On Thursday afternoon, Noticias Telemundo mediodía delivered a disheartening blow by discussing the constitutionality of affirmative action following two Supreme Court decisions striking race as a factor in admissions for private and public universities. Throughout the lead story, correspondent Cristina Londoño repeatedly exhibited a lack of understanding on the subject.
She began by suggesting this historical event will make it harder for Hispanics and other minorities to gain university acceptance, emphasizing that "their past" had been "taken into account" in order to highlight the challenges they faced:
And the thing is, it's a historic decision. For decades, these affirmative action programs have provided benefits to minorities, students of color, and Hispanics when being accepted into universities. Their past was taken into account, how their lives faced more challenges, and in order for this society to be equal, an egalitarian society, they needed a little push when it came to entering university.

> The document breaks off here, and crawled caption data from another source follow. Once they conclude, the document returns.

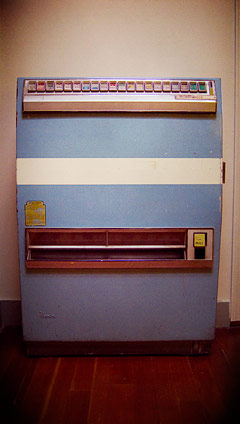 cigMachine_aged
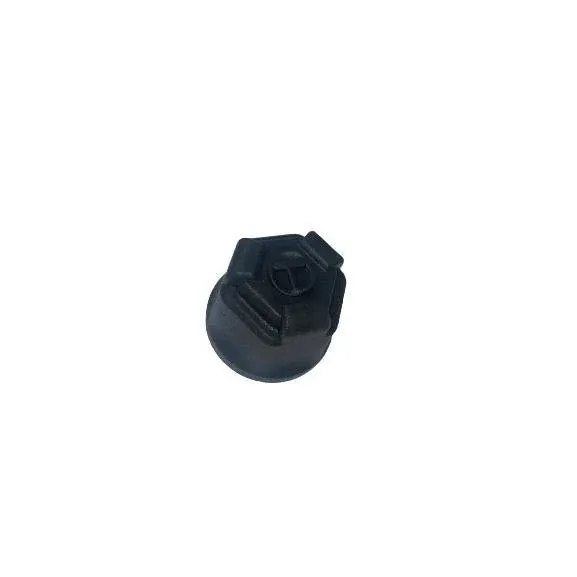 Bouchon Ecrou (41) pour Trottinette Electrique 60V Teverun Fighter 11 et 11 Plus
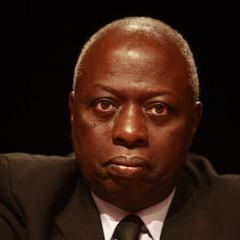 Jacques Diouf quotes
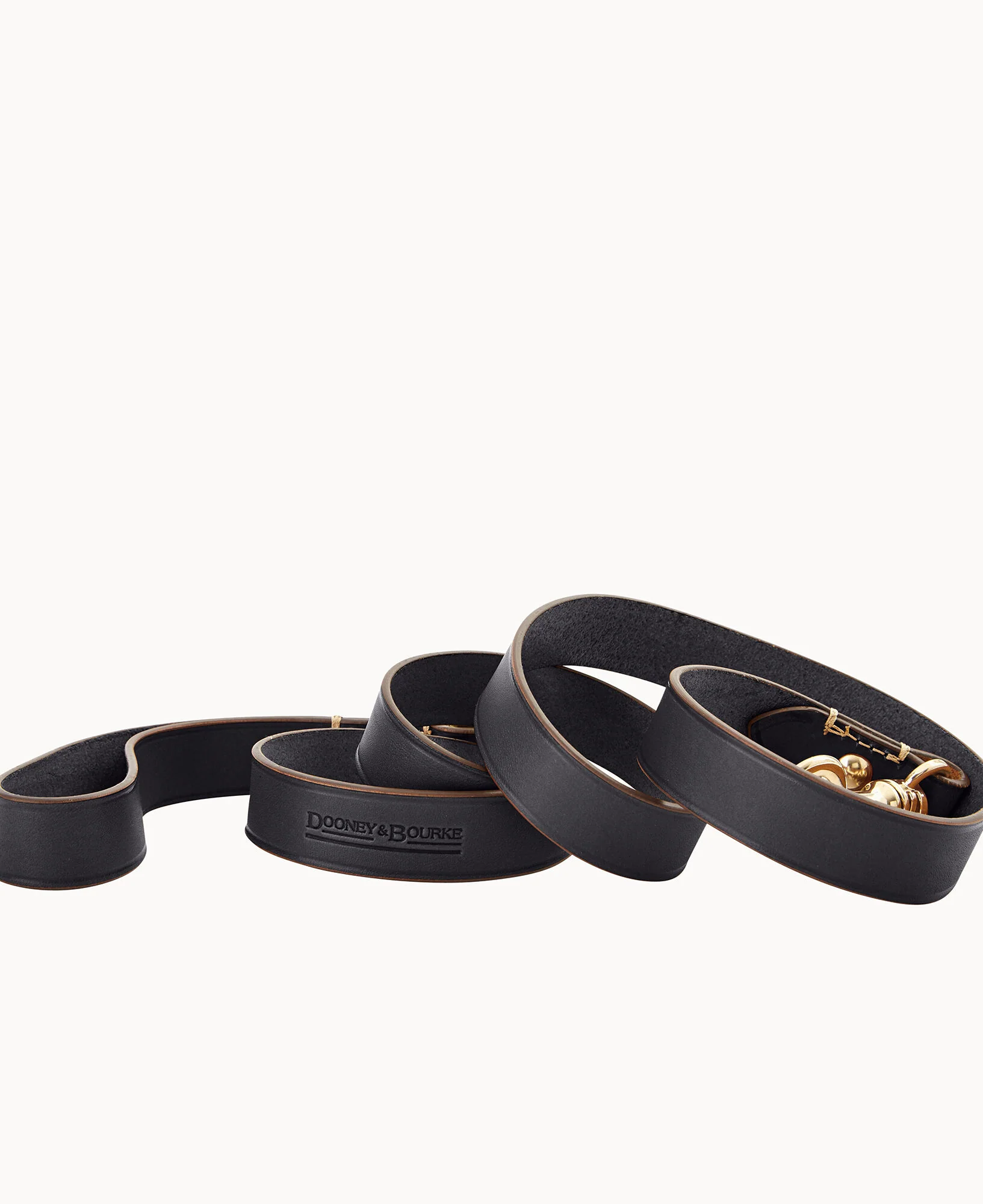 Alto Dog Leash - Image 6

Here's the thing, Cristina. Life experiences can still be considered for admissions, and applicants can certainly share their stories of overcoming hardship and seizing opportunities. That's still perfectly acceptable. What the Supreme Court has said is unacceptable is more or less having a checkbox for race and giving priority to that.
Personally, as someone who has lived in the U.S. for 35 years since the age of 10, it's infuriating that my race should be paramount. Will it determine whether you value my life or not? Furthermore, it's important to note that there haven't been quotas for the number or types of minorities since the 1978 decision Regents of University of California v. Bakke, so it's ultimately up to the schools to decide how they promote diversity.

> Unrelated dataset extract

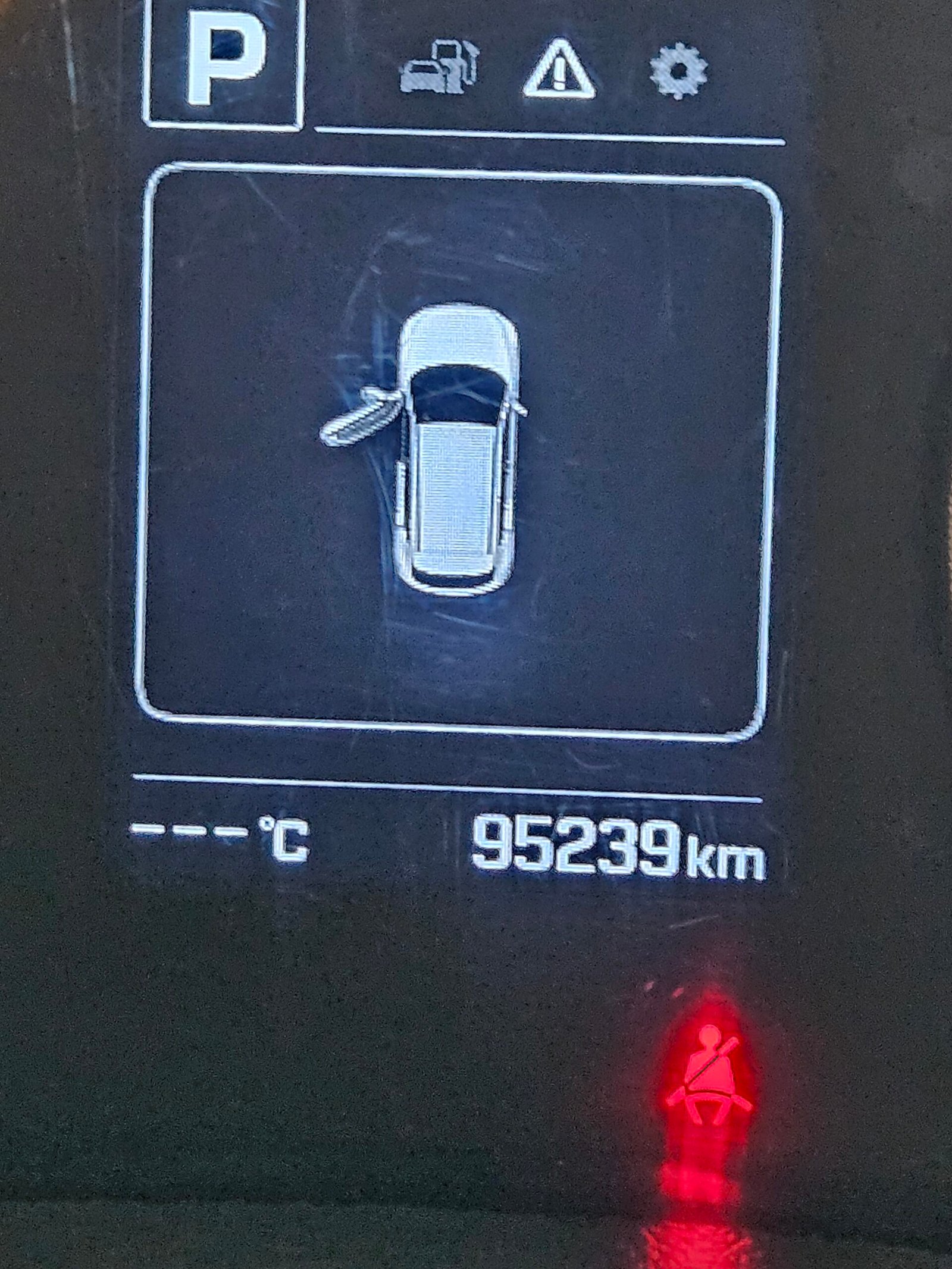 20260513_094913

Next, Londoño mentioned Harvard grad Jose Coronado's sadness over his belief the ruling will cause lower-income minorities to lose their chance to attend college.

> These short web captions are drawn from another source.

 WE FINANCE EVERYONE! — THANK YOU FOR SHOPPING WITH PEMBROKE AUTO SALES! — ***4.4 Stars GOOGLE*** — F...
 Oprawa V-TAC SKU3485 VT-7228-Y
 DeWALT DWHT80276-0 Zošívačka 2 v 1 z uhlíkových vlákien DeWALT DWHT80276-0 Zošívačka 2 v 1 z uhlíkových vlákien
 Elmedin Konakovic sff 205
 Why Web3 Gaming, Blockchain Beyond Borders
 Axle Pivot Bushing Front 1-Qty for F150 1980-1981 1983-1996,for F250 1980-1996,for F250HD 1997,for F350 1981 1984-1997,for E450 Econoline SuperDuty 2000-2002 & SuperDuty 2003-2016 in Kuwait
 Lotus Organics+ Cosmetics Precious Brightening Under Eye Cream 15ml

However, income can still be taken into consideration for admissions. Therefore,Coronado can rest assured that lower-income minorities will still have a fair opportunity for acceptance:
I spoke with Jose Coronado, a Harvard graduate, and he says he received the news like a punch in the stomach. With great sadness, because he says that thanks to those programs, he was able to go to Harvard, and now his heart aches thinking about minority students who come from poor communities.
So, what's strike three? Well, Londoño echoed the sentiments of the three liberal judges, leaning into the left's pessimistic view toward the country and its Founding. Last time I checked, racism meant making decisions based on the color of one's skin. The Supreme Court's decision prevents race from being a determining factor in admissions.
For the left, it can't be stated enough so they can understand this as clearly as possible: Diversity, as a term, isn't exclusive to one's skin color.